The ratio of the area of a circle with centre o and the area of rectangle ABCD inscribed in it is π:√3.E is a point on AB such that angle ADE=angle ODC. find AE:AD

Answer 1

Solution:

A circle with center O and , and a rectangle A B CD is inscribed in it.

It is given that , ratio of the area of a circle with centre o and the area of rectangle A B CD inscribed in it is π:√3 .

Also, it is given that, E is a point on AB such that ∠ A DE=∠ O DC.

In Δ ADE

Tan (∠ADE)= $\frac{AE}{AD}$

$\frac{\text{Area of circle}}{\text{Area of rectangle ABCD}} =\frac{\pi }{\sqrt{3}}\\\\ \frac{\pi r^2}{AB \times CB}=\frac{\pi }{\sqrt{3}}\\\\ AB \times CB=\sqrt{3}\times r^2$

In Δ ODC, Draw OM ⊥ DC

OD=r, CD=L

CM =MD=$\frac{L}{2}$→→→→Perpendicular from the center to the chord bisects the chord.

By , Pythagoras theorem

→OD²=OM² +D M²

→r²-DM²= OM²

→OM=

         $\sqrt{r^2-\frac{L^2}{4}}$

Draw, ON ⊥ AD

So, AN = ND→→→→Perpendicular from the center to the chord bisects the chord.
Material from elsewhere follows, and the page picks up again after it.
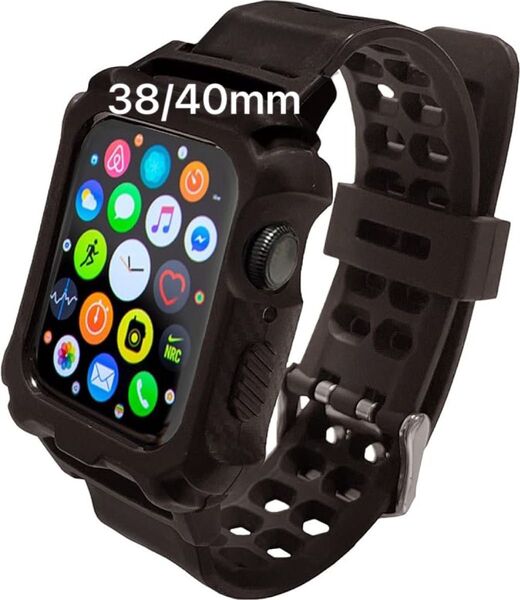 ●早い者勝ち●アップルウォッチ バンド 箱付き apple watch バンド ブラック 38/40mm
ND= OM= $\sqrt{r^2-\frac{L^2}{4}}$

Area of Rectangle ABCD= AB × BC

= 4 × ND×OM

= $4 \times\sqrt{r^2-\frac{L^2}{4}}\times \frac{L}{2}=L\sqrt{4r^2-L^2}$

Also, area of rectangle ABCD= √3 r²

$\sqrt{3}r^2= L\sqrt{4r^2-L^2}$

Squaring both sides

$3 r^4=L^2(4 r^2-L^2)\\\\ 3 r^4= 4 r^2 L^2-L^4\\\\ L^4-4 r^2L^2+3r^2=0\\\\ L^4-3 r^2L^2-r^2L^2+3r^2=0\\\\ L^2(L^2-3 r^2)-r^2(L^2-3 r^2)=0\\\\ (L^2-3 r^2)(L^2- r^2)=0\\\\ \frac{L^2}{r^2}=\frac{1}{3} \text{or} \frac{L^2}{r^2}=1$

------------------------------(1)

$\sqrt{4r^2-L^2}=\frac{\sqrt{3}r^2}{ L}$------(2)

Considering , Δ O MD and Δ D A E

∠AD E=∠OD M→→(Given)

∠DAE= ∠OMD=90°

So,  Δ O MD ~ Δ D A E →→[AA criterion]

As,when triangles are similar their sides are proportional.

$\frac{OM}{DA}=\frac{MD}{AE}\\\\ \frac{AE}{DA}=\frac{MD}{OM}\\\\  \frac{AE}{DA}=\frac{\frac{L}{2}}{\sqrt{r^2-\frac{L^2}{4}}}\\\\ \frac{AE}{DA}=\frac{L}{\sqrt{4r^2-L^2}}$

$\frac{AE}{DA}=\frac{L}{\sqrt{4r^2-L^2}}\\\\ \frac{AE}{DA}=\frac{L^2}{\sqrt{3}r^2}$

-------------using (2)

So, $\frac{AE}{DA}=\frac{1}{\sqrt{3}} \text{or} \frac{AE}{DA}=\frac{1}{3\sqrt{3}}$---Using (1)